■究極のヒトコワ!歪んだ母の愛が子を追い詰める『メディア』
山岸作品には怪異以外にも、人間の闇を描く漫画も多い。中でも恐ろしいのが、1997年に『Amie』に掲載された『メディア』である。タイトルの「メディア」とは、他の女に走った夫への復讐のために、夫婦の間にできた子どもを殺したというギリシャ神話に登場する王女・メディアのこと。
同作は完全なヒトコワもので、母親の歪んだ愛と執着によって、主人公・有村ひとみが悲劇的な運命をたどる。
今でいうところの「毒親問題」に深く鋭く切り込んでおり、子離れできない母とその娘に待ち受ける地獄に息苦しくなること請け合いだ。
ひとみは、美しい容姿の高身長な女子大学生。ボーイッシュで、パッと見はイケメン男子である。両親はいるが父親は不倫をしており、母が離婚を認めないため別居中。母は夫の代わりとでも言うように娘に激しい執着心を向け、彼女の全てを掌握しようとしていた。ちなみにこの母が少女漫画らしい綺麗な人物ではなく、中肉中背で顔つきがやけに生々しいところも怖い。
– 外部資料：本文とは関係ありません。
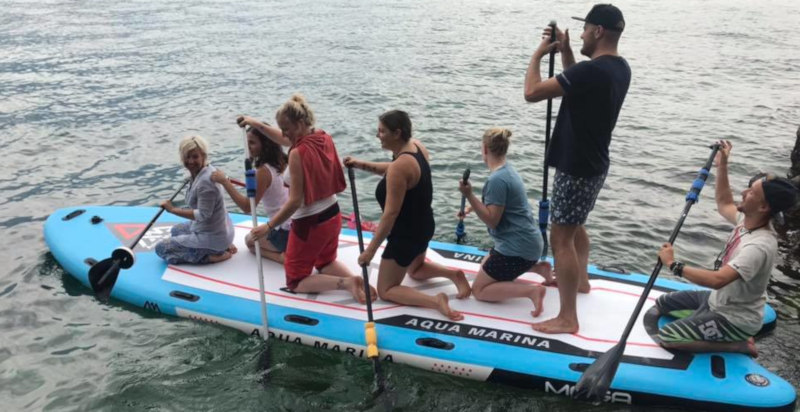 Esperienza divertente di gruppo sul Mega Paddle sul Lago di Garda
「男に頼らず手に職を持って」と言いながら、夫親族のコネでひとみを就職させようとしたり、夫と親族の悪口を言いながら「絶対離婚しない」と言ってみたりと発言に矛盾も見られる。しかも、意見するとヒステリックになったり露骨に落ち込んだりするので対応も難しい。
自立したい娘と子離れできない母の溝は次第に深まっていく。ひとみは感謝の心は持ちつつも、人面魚になった母を殺す夢を見たときに「このままでは母を殺してしまう」と、自立を決意。こっそりバイトを始めて、海外への留学計画を進めていた。
だが、それも結局母にバレ、「私を騙したでしょ!」とヒステリーを起こされてされてしまう。歩み寄ろうとするも、理解されないことに悲しむひとみ。そして物語は、前述した「王女メディア」のように……一度見たら忘れられない、衝撃的なコマで締められるのだった。
山岸さんの描くホラー漫画を現代の人が読むと、比較的淡々としている印象を受けるかもしれない。だが、細いタッチの絵柄がとにかく怖い。救いのないラストの数々に暗い余韻が残るが、どの作品も素晴らしいのでぜひチェックしてみてほしい。